Last week the Dallas Cowboys were sued over their stadium app in the Fort Worth Division of the Northern District of Texas. Before the day was out, U.S. District Judge Judge Mark Pittman had issued a show cause order why the case shouldn’t be transferred to the Dallas Division, and Chief U.S. District Judge Alia Moses issued an order finding the patent unenforceable as claiming unpatentable subject matter in a different case filed in Waco. That’s pretty much the judicial equivalent of starting out 70-10 in your first two games. The funny part was what happened next.
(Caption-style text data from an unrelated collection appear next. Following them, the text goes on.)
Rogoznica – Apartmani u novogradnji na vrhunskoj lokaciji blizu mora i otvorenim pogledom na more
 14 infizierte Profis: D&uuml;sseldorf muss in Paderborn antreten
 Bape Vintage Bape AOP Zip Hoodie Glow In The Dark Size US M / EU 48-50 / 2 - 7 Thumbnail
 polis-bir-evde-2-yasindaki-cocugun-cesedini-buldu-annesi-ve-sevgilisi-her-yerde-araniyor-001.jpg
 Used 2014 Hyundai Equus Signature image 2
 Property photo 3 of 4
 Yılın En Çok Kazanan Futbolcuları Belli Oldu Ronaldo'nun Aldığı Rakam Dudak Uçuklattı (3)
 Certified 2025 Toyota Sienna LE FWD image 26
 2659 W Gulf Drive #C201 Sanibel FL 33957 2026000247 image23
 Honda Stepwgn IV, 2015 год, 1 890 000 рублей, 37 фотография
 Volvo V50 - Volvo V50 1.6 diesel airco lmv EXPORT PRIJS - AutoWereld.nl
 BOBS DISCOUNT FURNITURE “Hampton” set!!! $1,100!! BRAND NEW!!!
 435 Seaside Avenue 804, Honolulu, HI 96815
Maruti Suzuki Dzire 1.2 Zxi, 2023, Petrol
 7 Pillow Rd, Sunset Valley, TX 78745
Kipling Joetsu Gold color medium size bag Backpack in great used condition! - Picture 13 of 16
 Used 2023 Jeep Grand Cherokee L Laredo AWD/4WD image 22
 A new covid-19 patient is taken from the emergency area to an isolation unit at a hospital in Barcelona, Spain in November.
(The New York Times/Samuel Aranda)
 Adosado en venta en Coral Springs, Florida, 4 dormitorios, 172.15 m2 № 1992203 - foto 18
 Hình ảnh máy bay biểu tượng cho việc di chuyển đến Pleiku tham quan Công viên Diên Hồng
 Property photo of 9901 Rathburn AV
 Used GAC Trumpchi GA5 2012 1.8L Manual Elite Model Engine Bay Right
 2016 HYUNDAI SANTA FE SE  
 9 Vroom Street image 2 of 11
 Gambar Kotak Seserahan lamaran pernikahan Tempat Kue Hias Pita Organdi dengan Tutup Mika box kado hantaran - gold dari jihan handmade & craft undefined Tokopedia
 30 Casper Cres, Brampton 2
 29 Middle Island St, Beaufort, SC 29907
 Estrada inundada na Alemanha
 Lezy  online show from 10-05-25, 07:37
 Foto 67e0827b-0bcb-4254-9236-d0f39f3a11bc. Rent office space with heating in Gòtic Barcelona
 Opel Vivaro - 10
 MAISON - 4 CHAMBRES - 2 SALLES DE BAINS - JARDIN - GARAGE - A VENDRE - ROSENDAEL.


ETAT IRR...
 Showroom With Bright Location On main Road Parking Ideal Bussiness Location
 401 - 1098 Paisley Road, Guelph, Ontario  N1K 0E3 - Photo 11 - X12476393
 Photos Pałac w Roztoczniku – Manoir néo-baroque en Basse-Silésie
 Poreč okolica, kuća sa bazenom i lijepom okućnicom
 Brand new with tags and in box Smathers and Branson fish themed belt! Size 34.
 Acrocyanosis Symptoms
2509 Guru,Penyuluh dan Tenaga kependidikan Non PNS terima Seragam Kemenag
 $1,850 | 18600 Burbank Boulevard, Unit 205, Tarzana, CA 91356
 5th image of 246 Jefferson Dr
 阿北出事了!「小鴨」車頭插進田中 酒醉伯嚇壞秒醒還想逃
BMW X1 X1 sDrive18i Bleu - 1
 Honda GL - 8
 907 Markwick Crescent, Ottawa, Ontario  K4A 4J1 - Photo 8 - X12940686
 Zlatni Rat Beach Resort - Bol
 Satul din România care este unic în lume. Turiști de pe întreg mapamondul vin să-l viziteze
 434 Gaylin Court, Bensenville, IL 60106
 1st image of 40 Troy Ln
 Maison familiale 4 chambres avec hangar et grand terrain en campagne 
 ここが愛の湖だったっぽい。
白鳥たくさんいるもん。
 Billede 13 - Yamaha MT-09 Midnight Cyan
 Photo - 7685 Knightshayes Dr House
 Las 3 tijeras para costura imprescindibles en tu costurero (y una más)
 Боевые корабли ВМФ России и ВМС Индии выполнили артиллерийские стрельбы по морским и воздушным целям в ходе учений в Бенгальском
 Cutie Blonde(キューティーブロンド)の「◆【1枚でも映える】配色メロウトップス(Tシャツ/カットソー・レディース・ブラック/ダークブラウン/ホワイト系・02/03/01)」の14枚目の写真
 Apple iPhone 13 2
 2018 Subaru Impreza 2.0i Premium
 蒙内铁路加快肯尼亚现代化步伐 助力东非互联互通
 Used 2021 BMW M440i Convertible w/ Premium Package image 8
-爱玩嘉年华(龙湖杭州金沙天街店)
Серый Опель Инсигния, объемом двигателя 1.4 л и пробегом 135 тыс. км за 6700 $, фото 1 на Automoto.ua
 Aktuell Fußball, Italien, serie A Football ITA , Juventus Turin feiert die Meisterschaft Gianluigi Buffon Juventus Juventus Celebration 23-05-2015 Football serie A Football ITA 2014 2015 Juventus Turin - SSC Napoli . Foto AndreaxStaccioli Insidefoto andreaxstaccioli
The plaintiff’s lawyer had to tactfully explain to the court that, um, the “regular and established place of business” for this patent case is the Cowboys’ stadium, which “is” located in the Fort Worth Division, not the Dallas Division. Of course one wonders why the case wasn’t filed where the Cowboys are headquartered, which is, of course not in the Dallas Division either, but in the Eastern District of Texas, Sherman Division at the Star in Frisco.
A pair of orders indicate that some WDTX judges may no longer admit attorneys PHV more than once – application for full admission is required.
Magistrate Judge Hightower passed on the plaintiff’s motion in support of its bill of costs following its $175 million verdict against Meta (fka Facebook) and recommended an award of $138,004.95 instead of the requested $229,042.35.
Judge Albright found five claim terms indefinite in this order + chart.
Judge Albright denied defendant Google’s motion to transfer. He initially found “many discrepancies and vague assertions that appear to be unreliable” in Google’s venue declaration, after which he held an in-person hearing to have the declarants testify. The court concluded that “based on that in person assessment of credibility, the court found the witnesses to be unreliable” for reasons specified in the opinion.
Judge Payne recommended denial of defendant Amazon’s motion to dismiss, finding that venue was proper based on the facts alleged for this stage of the lawsuit, noting that the defendant’s objections relied on disputed facts regarding the use of the accused products in the EDTX. The court also rejected the claim that a forum selection clause require the case to be brought in Washington, and that venue was “clearly more convenient” there.